* _Information shown_:
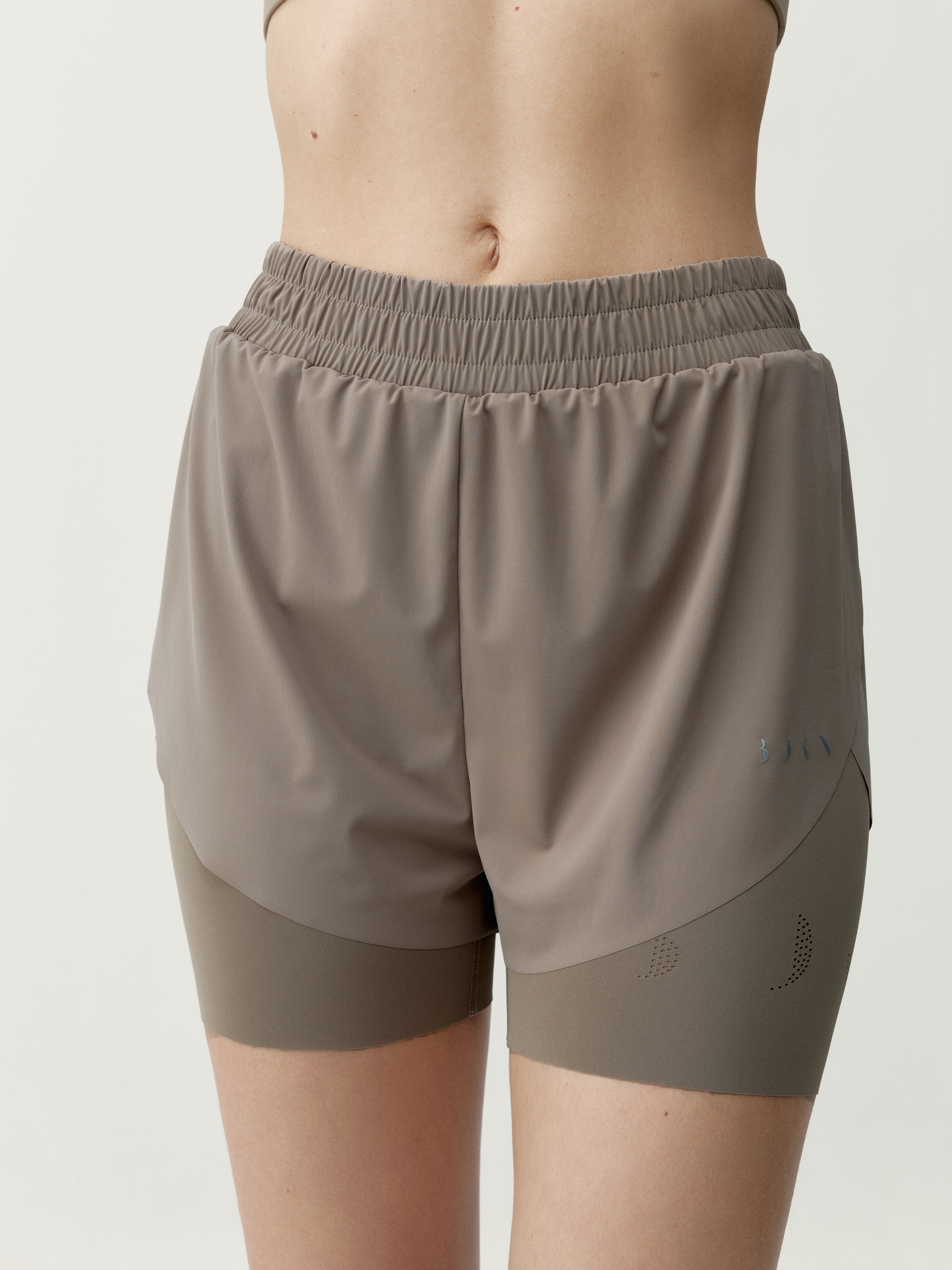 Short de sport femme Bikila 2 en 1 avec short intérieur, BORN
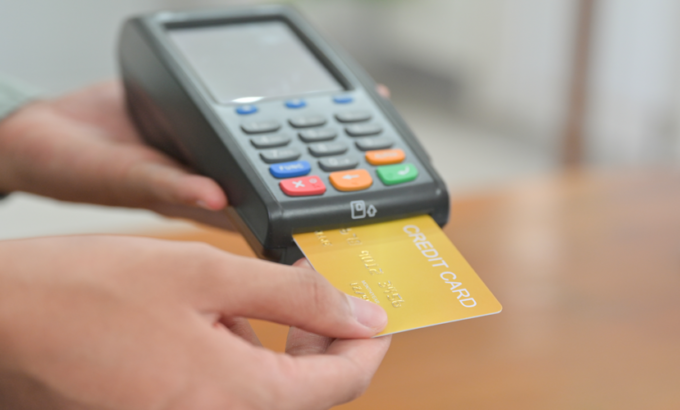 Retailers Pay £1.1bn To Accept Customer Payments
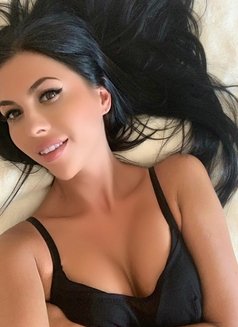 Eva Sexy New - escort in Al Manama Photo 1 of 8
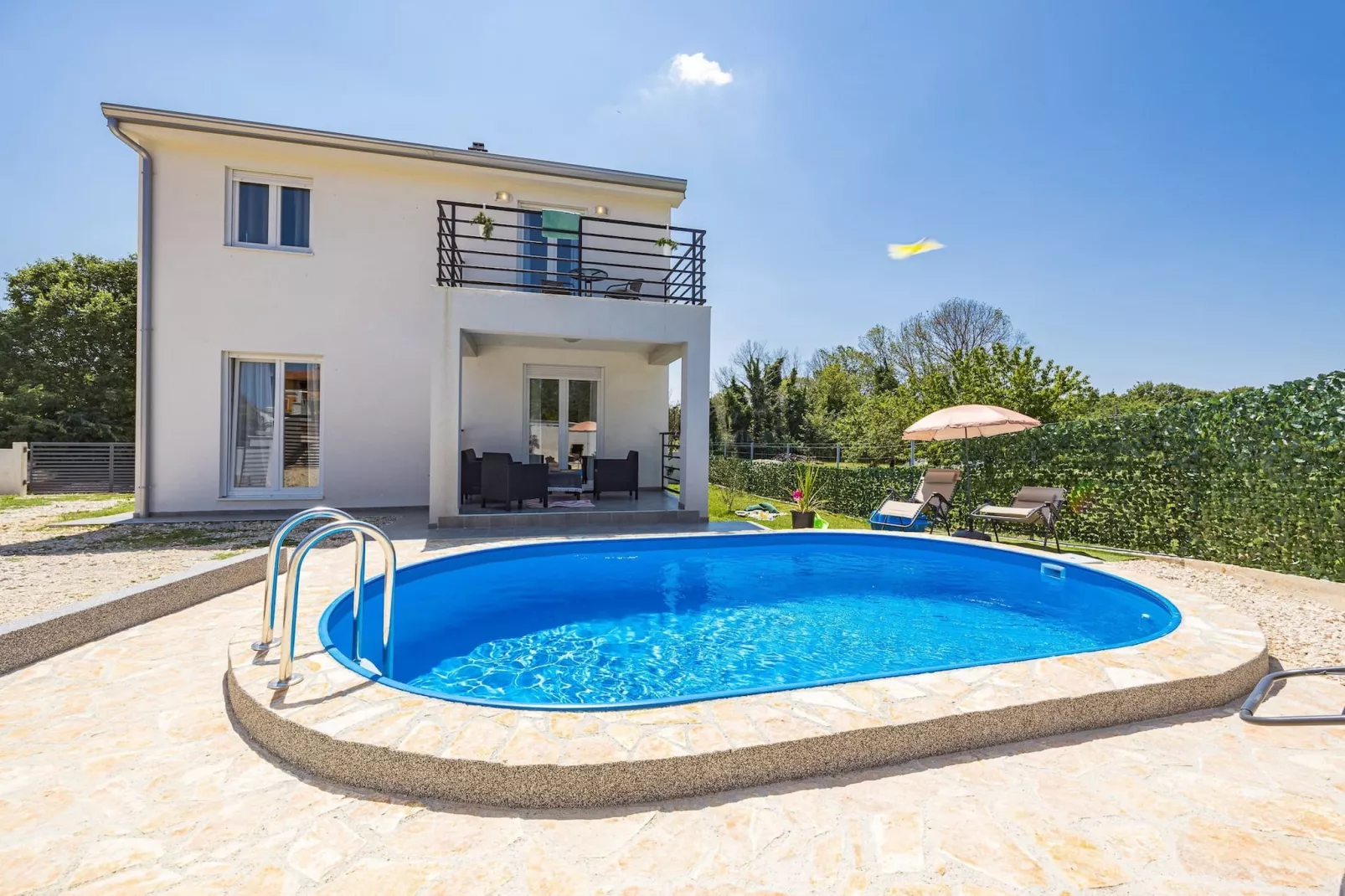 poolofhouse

* _Aim of the task_: A faithful copy is needed: reproduce all of the data above, leaving the pictures out.

* _Your solution_:
 Short de sport femme Bikila 2 en 1 avec short intérieur, BORN
 Retailers Pay £1.1bn To Accept Customer Payments
 Eva Sexy New - escort in Al Manama Photo 1 of 8
 poolofhouse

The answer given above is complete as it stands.